As the holy procession came down from the hills of West Virginia and into the nation’s capital, they marveled at the massive white government buildings and memorials and the great grassy mall.
"Overpowering, solid, inspiring, impressive," were some of the words used that day. The little flags fluttered gaily on the car, and passers-by wondered what dignitary had come to town.
Then they headed over the Potomac River into Virginia where Col Pak had prepared his home, called Arlington House, for Father’s visit.
The spring sun touched everything with brightness, and as Father climbed out of the car, he saw the eager members lined up to greet him. They had come from New York, Pennsylvania, Ohio, and West Virginia—Ken Pope, Pauline Phillips (Verheyen), Jhoon Rhee, the traveling Doris Walder (Orme), and two brand new members: Diane Griffith (Fernsler) and Barbara Mikesell (Ten Wolde).
They passed under an arch of flowers, walking upon a white carpet rolled out for the occasion, and shook hands with each member.
"Please come in and sign our guest book," said Col Pak graciously. And after they were seated inside, he ceremoniously announced, "We would like to present you with the keys to Arlington House, the Fellowship House in D.C., the Jhoon Rhee Institute, the New York Center, and the whole city of Washington, D.C., for they all belong to you."

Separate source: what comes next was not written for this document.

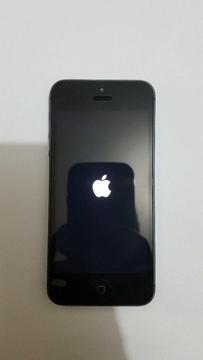 Apple iPhone 5 32GB. **UNLOCKED**. V Good Condition/ Perfect Working Order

Father lowered his eyes in gratitude and accepted them on behalf of Heavenly Father. Then, they were treated to the most delicious food on earth—pulgogi, fluffy white rice, and all the trimmings—a most welcome change from hamburgers, French Fries, and sandwiches.
The second day was for sightseeing, and on the third day Father had decided on two sites for holy grounds in the nation’s capital. First, they went to the Ellipse behind the White House. With the White House before them, and the Washington Monument behind them, Father stepped off the 4-position foundation and scattered the holy salt. Police were patrolling all around, because a demonstration was expected to take place later that day. Father’s little group must have been invisible, because the police didn’t pay any attention to them.
Next, they went over to the Capitol building for a picnic lunch. With the great white dome of the Capitol looming before them and the Washington Monument piercing the sky behind, they stood around a fir tree (it is now gone and walking on the grass is forbidden), and Father blessed the ground. They closed by praying fervently for America. Suddenly, the chimes from a nearby tower began pealing, "God Bless America." They smiled at each other with tears in their eyes and knew this moment belonged to their Heavenly Father.
For five days, Father stayed. He visited the Jhoon Rhee Institute and Fellowship House, a row house at 1907 "S" Street, which would be the Center for many years.
Every day, Father met with the members and visitors. Sometimes, he talked far into the night. Never before, had these members experienced such long meetings without breaks, and they surprised themselves by sitting still so long and getting by with so little sleep. They felt tremendously blessed to be in the presence of their Leader at last.